> **Problem**:
Write the entries out again in full and unchanged, dropping every image.

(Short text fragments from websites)

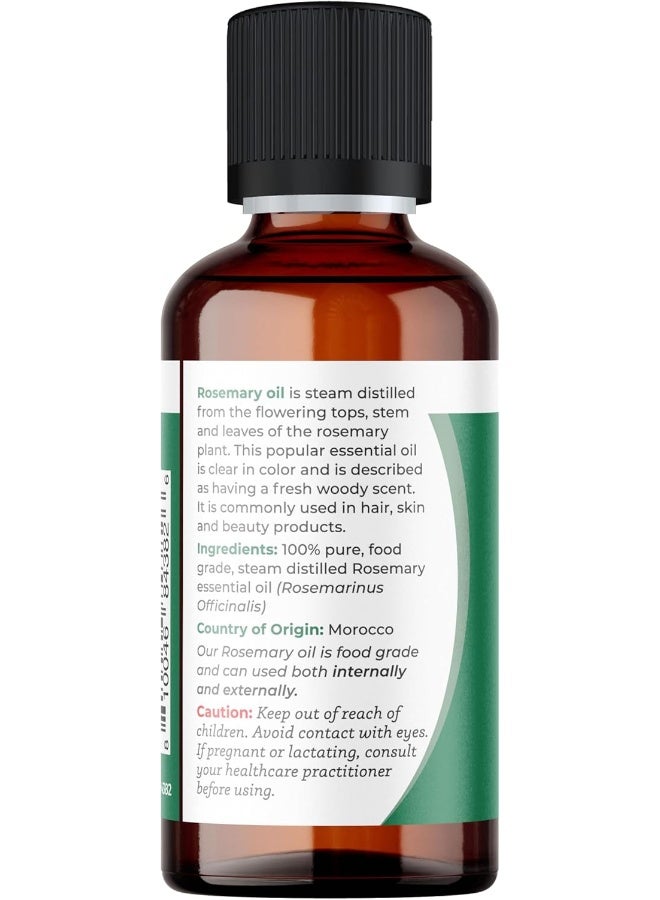 Viva Doria 100% Pure Moroccan Rosemary Essential Oil, Undiluted, Food Grade, 30 mL (1 Fluid Ounce) - Image 3
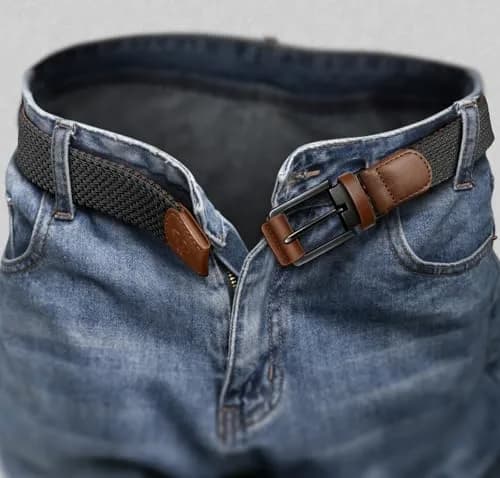 BULLIANT Reversible Stretch Braided Web Belt 1 3/8" | Modern Casual Style for Men thumbnail 9
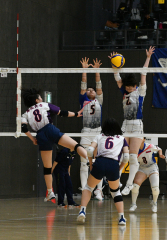 帯南商７連覇　男子は帯三条が３年ぶりＶ　バレーボール高体連十勝支部予選 写真2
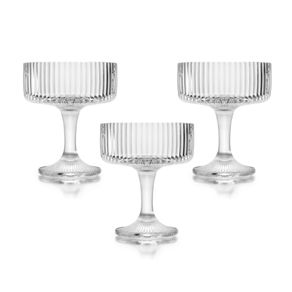 Jogo C/3 Tacas de Sobremesa Em Vidro Transparente Latinos 300ml Jogo C/3 Tacas de Sobremesa Em Vidro Transparente Latinos 300ml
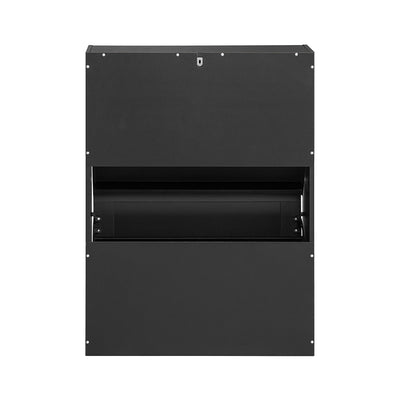SoBuy FSR137-SCH Meuble à Chaussures à Abattants 2 Niveaux – Rangement Discret pour Entrée – 60x25x80 cm Noir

> **Problem solution**:
 Viva Doria 100% Pure Moroccan Rosemary Essential Oil, Undiluted, Food Grade, 30 mL (1 Fluid Ounce) - Image 3
 BULLIANT Reversible Stretch Braided Web Belt 1 3/8" | Modern Casual Style for Men thumbnail 9
 帯南商７連覇　男子は帯三条が３年ぶりＶ　バレーボール高体連十勝支部予選 写真2
 Jogo C/3 Tacas de Sobremesa Em Vidro Transparente Latinos 300ml Jogo C/3 Tacas de Sobremesa Em Vidro Transparente Latinos 300ml
SoBuy FSR137-SCH Meuble à Chaussures à Abattants 2 Niveaux – Rangement Discret pour Entrée – 60x25x80 cm Noir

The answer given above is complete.